▸ Task brief
Make an exact copy of the lines from the top of the entries below through the line with "Biziura lobata (Musk". Leave all pictures out.

[Items from a dataset]
# # # # # # #
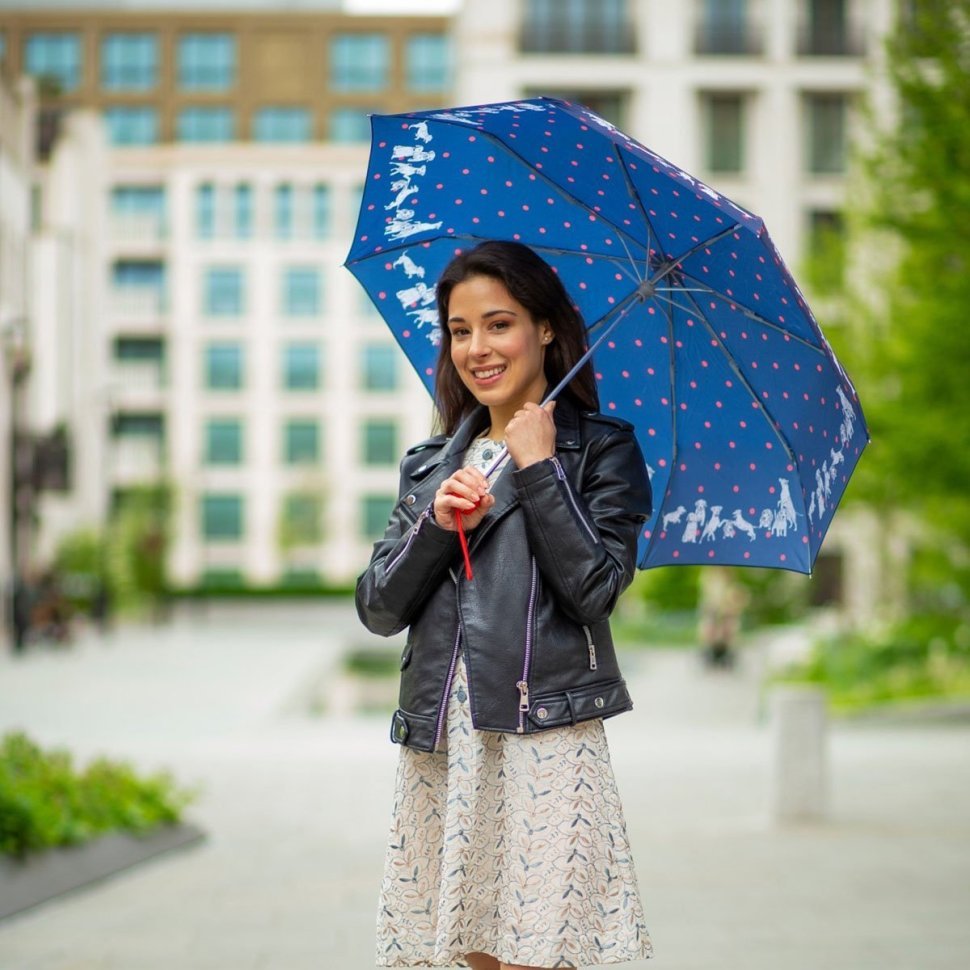 Зонт женский Fulton L354-041185 Minilite-2 Milis Friends (Синий в горошек с принтом щенят, механика) 94282 фото №3 Зонт женский Fulton L354-041185 Minilite-2 Milis Friends (Синий в горошек с принтом щенят, механика) 94282 modnotak фото №3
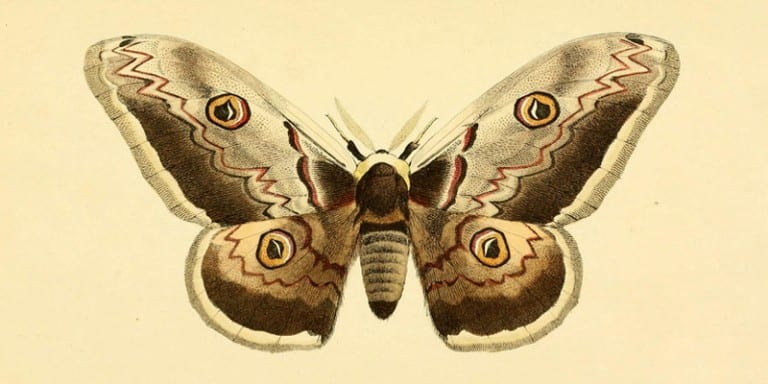 25+ Free Butterflies and Moths Vintage Printable Images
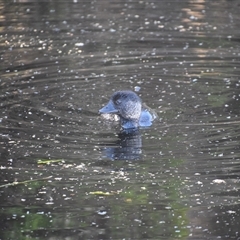 Biziura lobata (Musk Duck) at Bakers Beach, TAS - 5 Nov 2024 by LyndalT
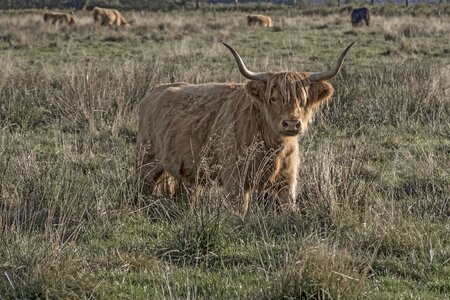 Scottish hochlandrind agriculture coupling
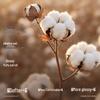Dohia 100% Xinjiang Cotton Quilt - All Seasons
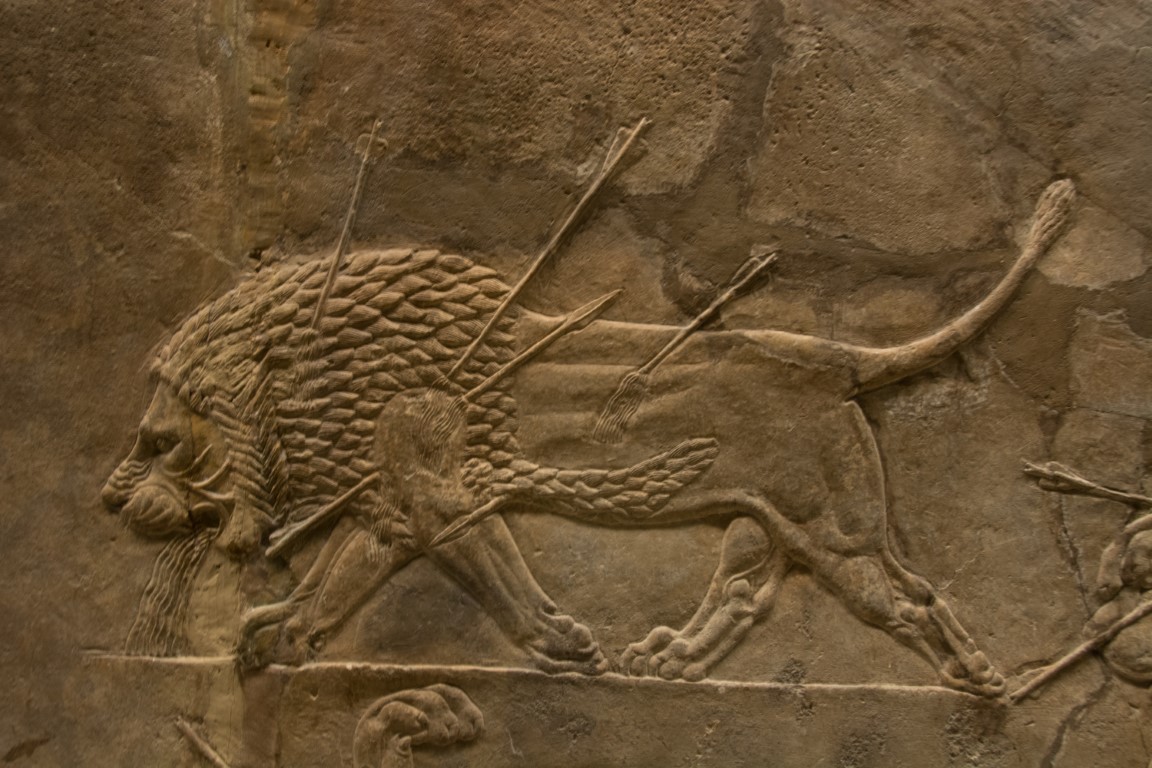 Assyrian lion hunt relief at the British Museum, showing an arrow-pierced lion in dramatic detail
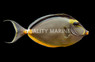 Naso Tang w/Steamer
# # # # # # #
▸ Output for this task
 Зонт женский Fulton L354-041185 Minilite-2 Milis Friends (Синий в горошек с принтом щенят, механика) 94282 фото №3 Зонт женский Fulton L354-041185 Minilite-2 Milis Friends (Синий в горошек с принтом щенят, механика) 94282 modnotak фото №3
 25+ Free Butterflies and Moths Vintage Printable Images
 Biziura lobata (Musk Duck) at Bakers Beach, TAS - 5 Nov 2024 by LyndalT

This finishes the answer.